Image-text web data

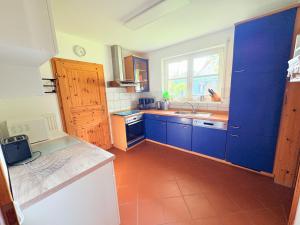 a kitchen with blue cabinets and a sink and a window at Ferienhaus zum Kranichblick ideal für Familien gern mit Hund in Garz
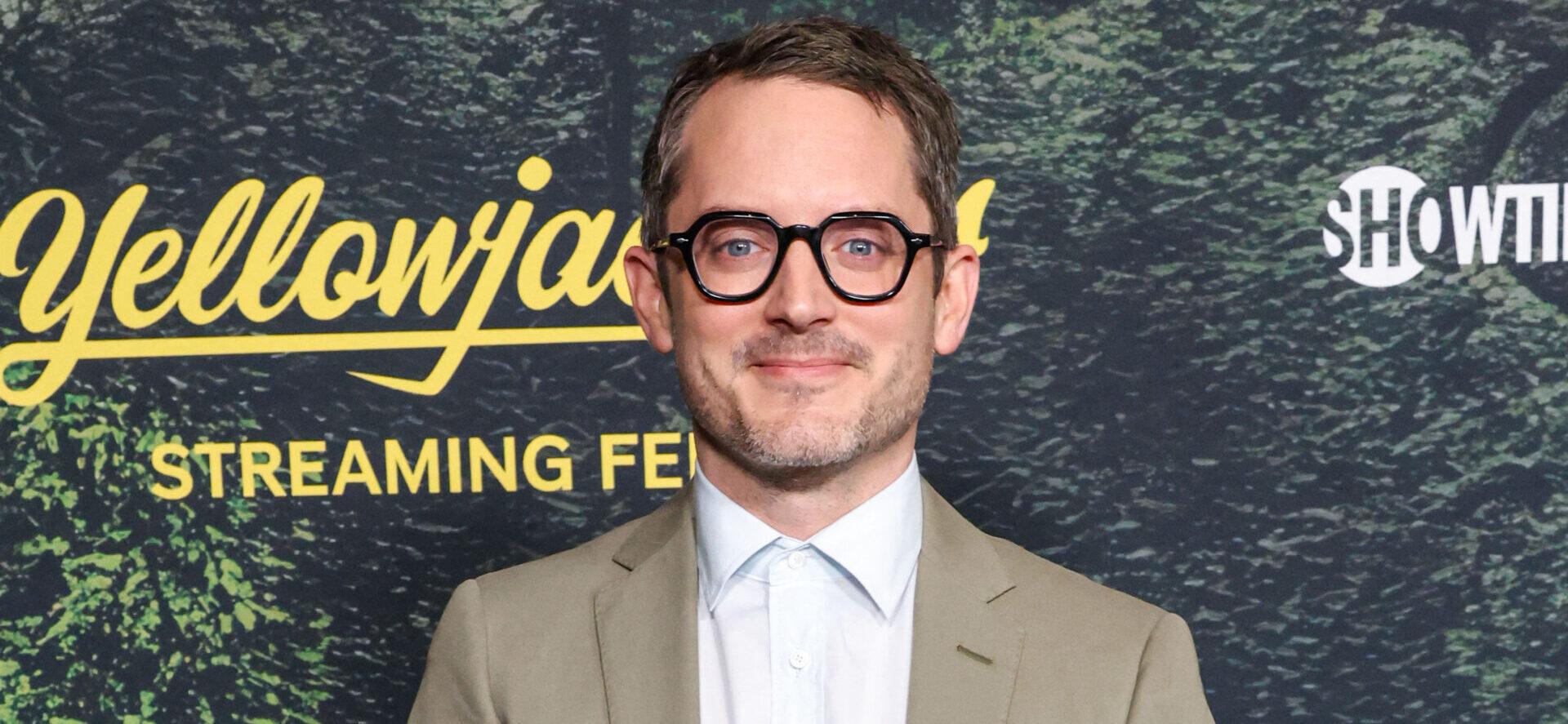 Elijah Wood smiling for photos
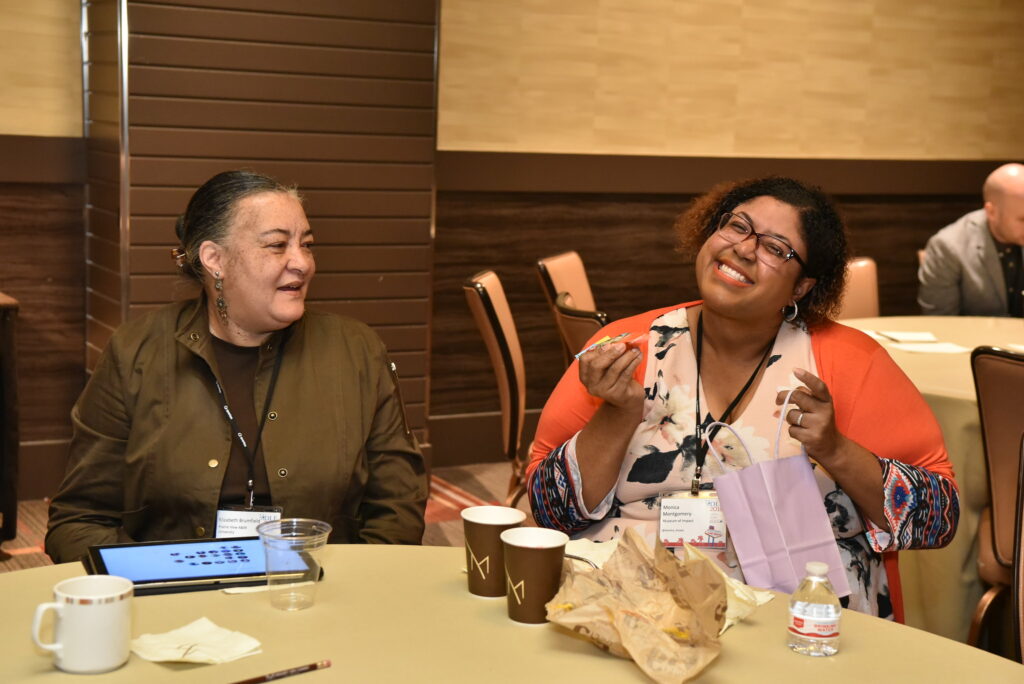 Two women seated at a table, smiling, during a break at 2018 Forum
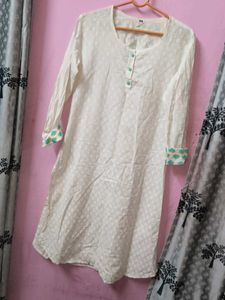 Elegant White Kurta with Teal Accents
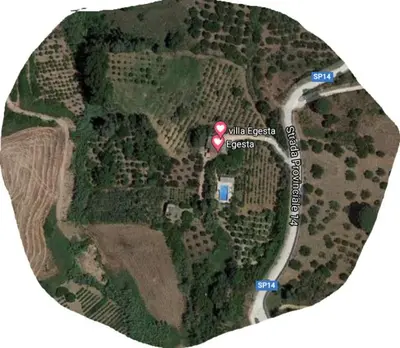 a map of a park with a red marker at Egesta, villa with private pool in Calatafimi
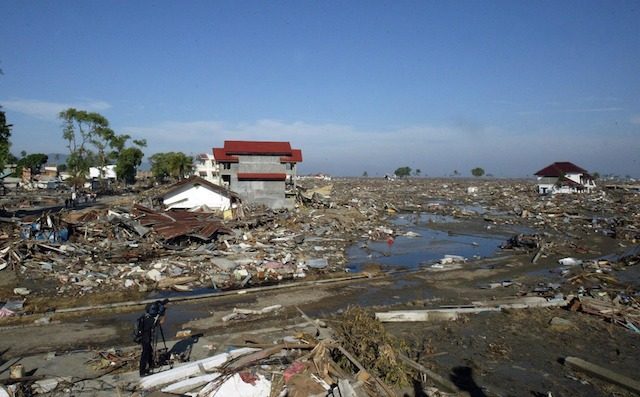 THE DESTRUCTION. A cameraman documenting the damage caused by the 2004 Indian Ocean tsunami in Banda Aceh. File photo by EPA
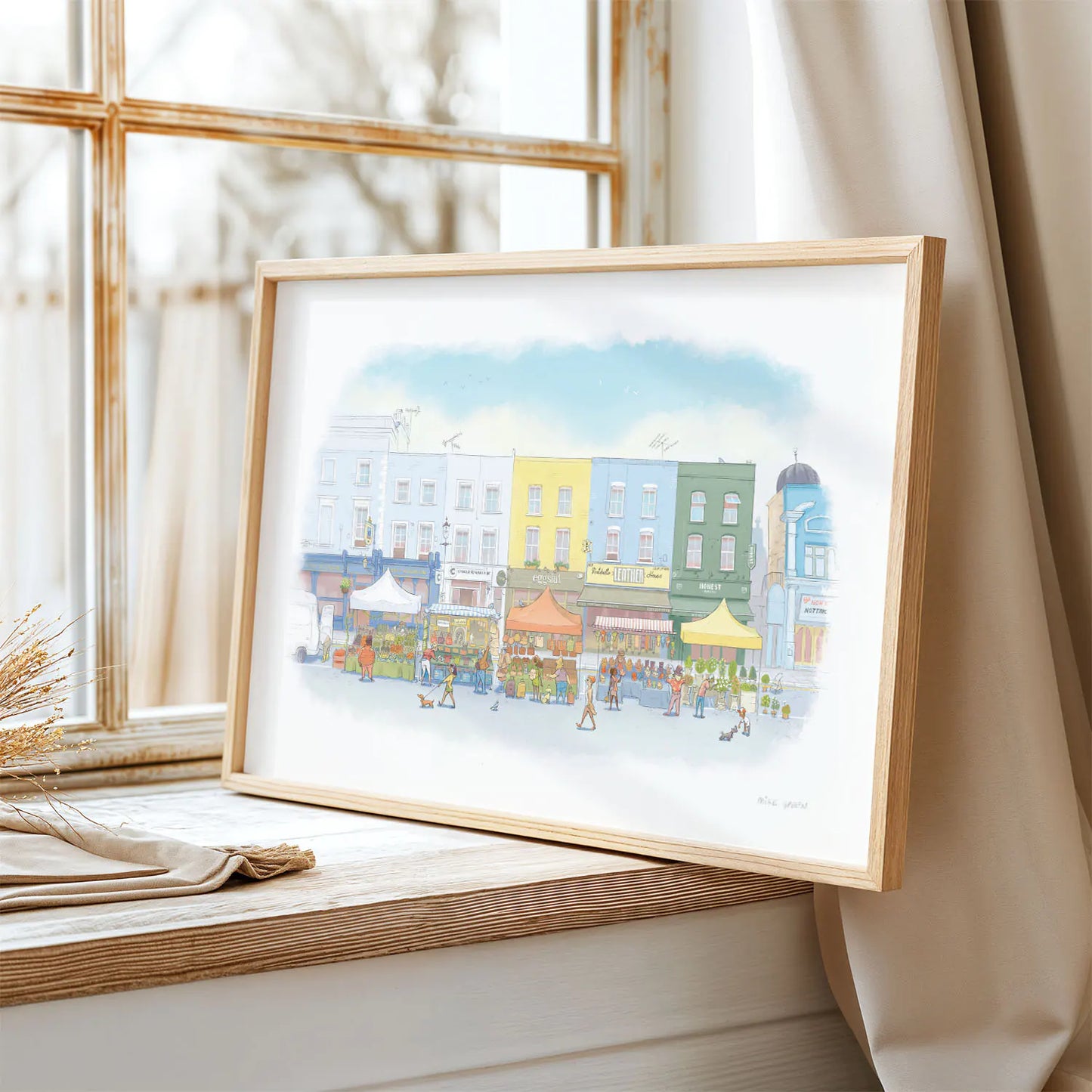 Framed wall art print of an illustration of Portobello Road market in London's Notting Hill on a window sill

◆ Exercise directions:
When you reach the line that contains "THE DESTRUCTION. A", start reproducing, and continue word for word to the end of the records; skip all pictures.

◆ Solution to this task:
 THE DESTRUCTION. A cameraman documenting the damage caused by the 2004 Indian Ocean tsunami in Banda Aceh. File photo by EPA
 Framed wall art print of an illustration of Portobello Road market in London's Notting Hill on a window sill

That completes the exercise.